■ Exercise details
For this exercise, please reproduce the records below word for word, from the first line through the line with "COUVERTS Three spoons".

[Scraped caption text data]
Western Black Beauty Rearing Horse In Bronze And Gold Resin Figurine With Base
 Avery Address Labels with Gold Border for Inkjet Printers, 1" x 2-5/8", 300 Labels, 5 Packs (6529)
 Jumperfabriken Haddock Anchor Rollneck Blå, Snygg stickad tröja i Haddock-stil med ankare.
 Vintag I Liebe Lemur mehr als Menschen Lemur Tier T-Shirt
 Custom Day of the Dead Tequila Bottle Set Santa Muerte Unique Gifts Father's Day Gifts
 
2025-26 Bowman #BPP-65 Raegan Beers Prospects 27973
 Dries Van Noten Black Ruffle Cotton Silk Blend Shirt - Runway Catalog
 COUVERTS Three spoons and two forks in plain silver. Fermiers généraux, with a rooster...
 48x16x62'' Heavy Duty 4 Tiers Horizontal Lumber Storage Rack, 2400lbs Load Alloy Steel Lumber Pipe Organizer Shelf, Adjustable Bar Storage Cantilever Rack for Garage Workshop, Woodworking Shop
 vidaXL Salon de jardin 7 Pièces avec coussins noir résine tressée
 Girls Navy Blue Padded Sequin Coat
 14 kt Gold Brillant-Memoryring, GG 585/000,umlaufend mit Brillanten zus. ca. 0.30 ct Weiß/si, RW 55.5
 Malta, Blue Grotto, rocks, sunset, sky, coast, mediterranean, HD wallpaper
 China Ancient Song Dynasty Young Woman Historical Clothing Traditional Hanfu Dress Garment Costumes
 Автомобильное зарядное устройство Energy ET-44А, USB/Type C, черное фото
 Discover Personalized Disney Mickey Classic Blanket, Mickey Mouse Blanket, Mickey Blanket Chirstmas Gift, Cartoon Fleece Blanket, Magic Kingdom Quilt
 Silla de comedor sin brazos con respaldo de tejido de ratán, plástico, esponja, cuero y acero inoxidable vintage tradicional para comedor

■ Exercise result
Western Black Beauty Rearing Horse In Bronze And Gold Resin Figurine With Base
 Avery Address Labels with Gold Border for Inkjet Printers, 1" x 2-5/8", 300 Labels, 5 Packs (6529)
 Jumperfabriken Haddock Anchor Rollneck Blå, Snygg stickad tröja i Haddock-stil med ankare.
 Vintag I Liebe Lemur mehr als Menschen Lemur Tier T-Shirt
 Custom Day of the Dead Tequila Bottle Set Santa Muerte Unique Gifts Father's Day Gifts
 
2025-26 Bowman #BPP-65 Raegan Beers Prospects 27973
 Dries Van Noten Black Ruffle Cotton Silk Blend Shirt - Runway Catalog
 COUVERTS Three spoons and two forks in plain silver. Fermiers généraux, with a rooster...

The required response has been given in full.